Keynote Speakers
Joan Lombardi, Ph.D
Joan Lombardi currently serves as the Deputy Assistant Secretary for Policy and Inter-Departmental Liaison for Early Childhood Development in the Administration for Children and Families, U.S. Department of Health and Human Services. She is a Research Professor at the Public Policy Institute, Georgetown University. As the director of The Children’s Project, she served as an advisor to a number of foundations and policy initiatives and helped create innovative projects with a wide variety of national and international organizations. She brings a wealth of experience from her earlier government service, as well as insights gained through her leadership as founding chair of the Birth to Five Policy Alliance and other initiatives.

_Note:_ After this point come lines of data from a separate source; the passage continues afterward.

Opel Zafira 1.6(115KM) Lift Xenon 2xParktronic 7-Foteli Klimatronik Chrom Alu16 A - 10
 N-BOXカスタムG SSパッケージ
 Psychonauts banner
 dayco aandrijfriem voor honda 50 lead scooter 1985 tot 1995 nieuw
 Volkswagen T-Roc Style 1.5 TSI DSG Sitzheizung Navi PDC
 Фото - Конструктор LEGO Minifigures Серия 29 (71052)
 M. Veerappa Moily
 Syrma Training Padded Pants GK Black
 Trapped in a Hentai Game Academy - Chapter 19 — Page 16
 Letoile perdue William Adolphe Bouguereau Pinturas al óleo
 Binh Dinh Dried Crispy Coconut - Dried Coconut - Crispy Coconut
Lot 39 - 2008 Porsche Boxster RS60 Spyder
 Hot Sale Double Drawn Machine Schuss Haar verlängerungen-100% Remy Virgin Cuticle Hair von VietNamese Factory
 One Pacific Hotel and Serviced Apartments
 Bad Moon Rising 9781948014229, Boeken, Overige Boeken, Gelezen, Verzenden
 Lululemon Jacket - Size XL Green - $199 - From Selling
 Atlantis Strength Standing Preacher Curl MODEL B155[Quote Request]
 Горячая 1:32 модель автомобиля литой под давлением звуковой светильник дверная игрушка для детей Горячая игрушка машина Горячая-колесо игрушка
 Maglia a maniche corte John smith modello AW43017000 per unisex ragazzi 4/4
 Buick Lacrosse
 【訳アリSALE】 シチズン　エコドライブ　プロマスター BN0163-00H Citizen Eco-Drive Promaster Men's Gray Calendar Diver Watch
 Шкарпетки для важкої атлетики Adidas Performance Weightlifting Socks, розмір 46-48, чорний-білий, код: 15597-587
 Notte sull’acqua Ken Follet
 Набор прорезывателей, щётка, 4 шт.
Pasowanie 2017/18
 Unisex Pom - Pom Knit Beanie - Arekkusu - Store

Dr. Lombardi served as the Deputy Assistant Secretary for External Affairs in the Administration for Children and Families, U.S. Department of Health and Human Services, and as the first director of the Child Care Bureau. In 2004, Dr. Lombardi launched the Global Leaders for Young Children program in partnership with The World Forum Foundation, which is currently providing leadership support to 19 early education leaders from eight countries. In addition, she has served as a senior fellow with The Global Fund for Children in Washington, D.C. Dr. Lombardi is the author of Time to Care: Redesigning Child Care to Promote Education, Support and Build Communities, and co-editor of A Beacon of Hope: The Promise of Early Head Start for America’s Youngest Children. She received her Ph.D. in human development education from the University of Maryland, College Park. She lives in Washington D.C. and is the proud mother of two.
Alison Gopnik, Ph.D
Alison Gopnik is a professor of psychology and affiliate professor of philosophy at the University of California, Berkeley. She received her BA from McGill University and her Ph.D from Oxford University. Her honors include a Natural Sciences and Engineering Research Council of Canada University Research Fellowship, an Osher Visiting Scientist Fellowship at the Exploratorium, a Center for the Advanced Studies in the Behavioral Sciences Fellowship, and a Moore Fellowship at the California Institute of Technology. She is an internationally recognized leader in the study of children’s learning and development and was the first to argue that children’s minds could help us understand deep philosophical questions. She was one of the founders of the study of “theory of mind,” illuminating how children come to understand the minds of others. She also formulated the “theory theory,” the idea that children learn in the same way scientists do. She is the author of more than 100 articles and several books including Words, Thoughts and Theories (coauthored with Andrew Meltzoff), MIT Press, 1997, The Scientist in the Crib (coauthored with Andrew Meltzoff and Patricia Kuhl) William Morrow, 1999, and the recently published The Philosophical Baby; What children’s minds tell us about love, truth and the meaning of life Farrar, Strauss and Giroux, 2009. She has also written for Science, The Times Literary Supplement, The New York Review of Books, The New York Times, New Scientist, and Slate. She has three sons and lives in Berkeley, California.